Israeli fintech startup Pagaya eyeing Wall Street at $8 billion valuation
Through the first three months of the year, Pagaya registered revenue reflecting $300 million annually, and a profit of $100 million for the year
Assuming the company does move ahead with the offering, its valuation will place it among the world's largest fintech companies a mere five years after it was founded. It will also see it follow in the footsteps of a long list of Israeli companies who are already in the process of going public via a SPAC, including ironSource, eToro, StoreDot and Cellebrite.

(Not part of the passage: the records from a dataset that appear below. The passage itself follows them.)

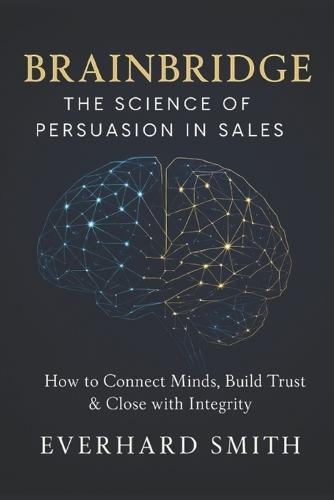 Brainbridge: The Science of Persuasion in Sales: How to Connect Minds, Build Trust & Close with Integrity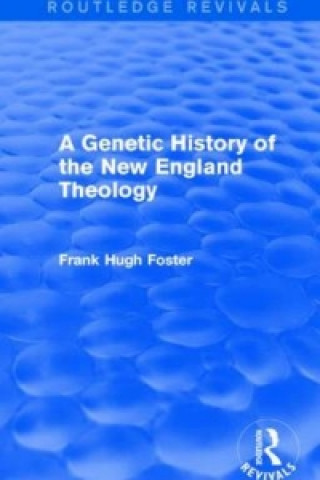 Carte Genetic History of New England Theology (Routledge Revivals) Frank Hugh Foster
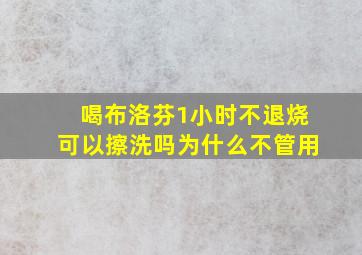 喝布洛芬1小时不退烧可以擦洗吗为什么不管用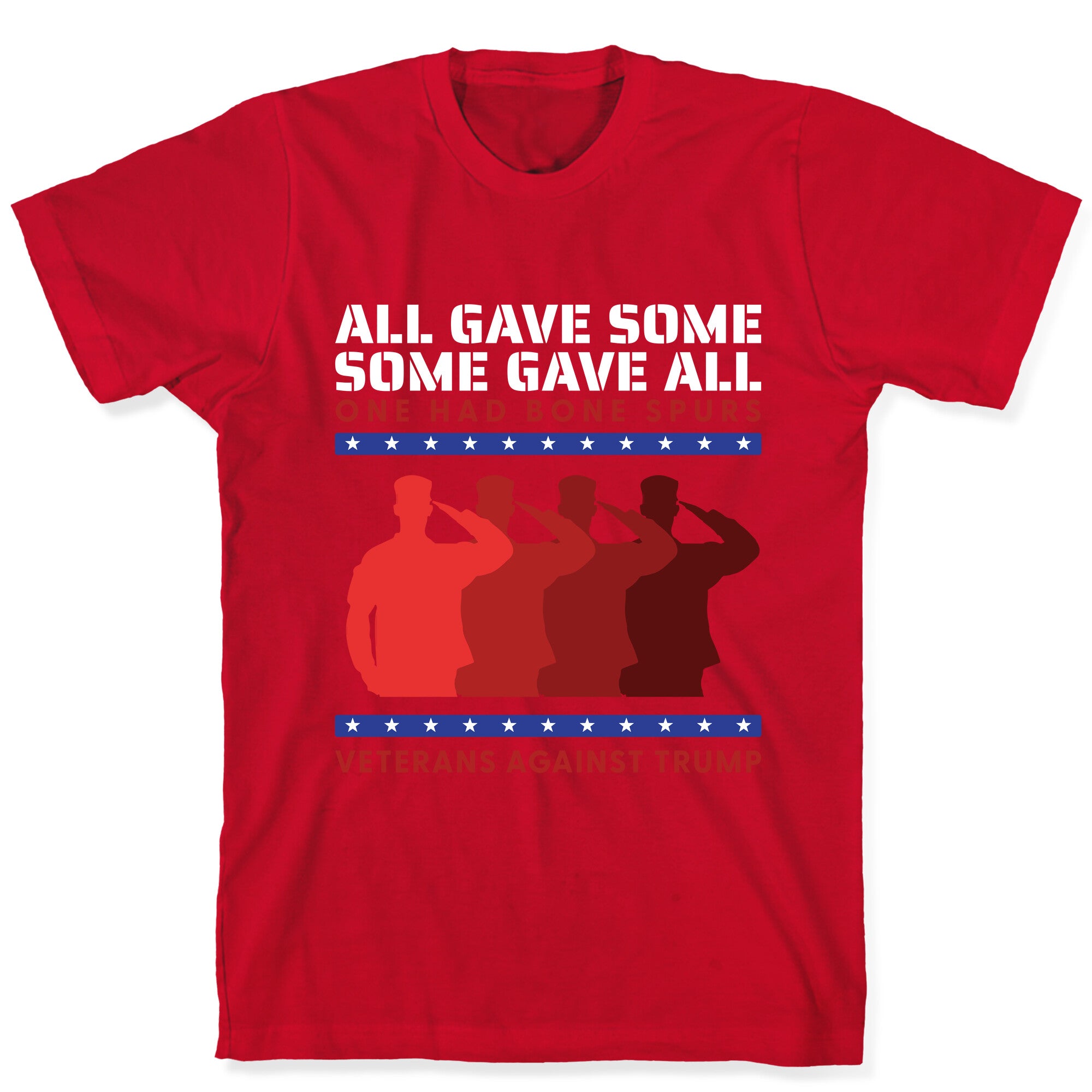 All Gave Some Anti Trump T-Shirt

The high valuation is the result of the significant growth experienced by the company over recent months. Calcalist has learned that during the first three months of the year, Pagaya registered revenue reflecting $300 million annually, and a profit of $100 million for the year. The company's revenue in 2019 stood at $100 million. These numbers are especially impressive when considering Pagaya was only founded in 2016, five years after the likes of IronSource or eToro. Due to the increased demand, Pagaya has tripled its workforce over the past year and currently employs 350 people in total, 250 of them in Israel and the rest in the U.S. The company intends to recruit several hundred additional employees this year and open offices in Europe.
Pagaya raised $102 million in a series D funding round last year, taking its total funding to $215 million. The round included participation by Aflac Global Ventures, Poalim Capital Markets, Viola, Oak HC/FT, former Chairman and CEO of American Express Harvey Golub, Clal Insurance Ltd., GF Investments, and Siam Commercial Bank.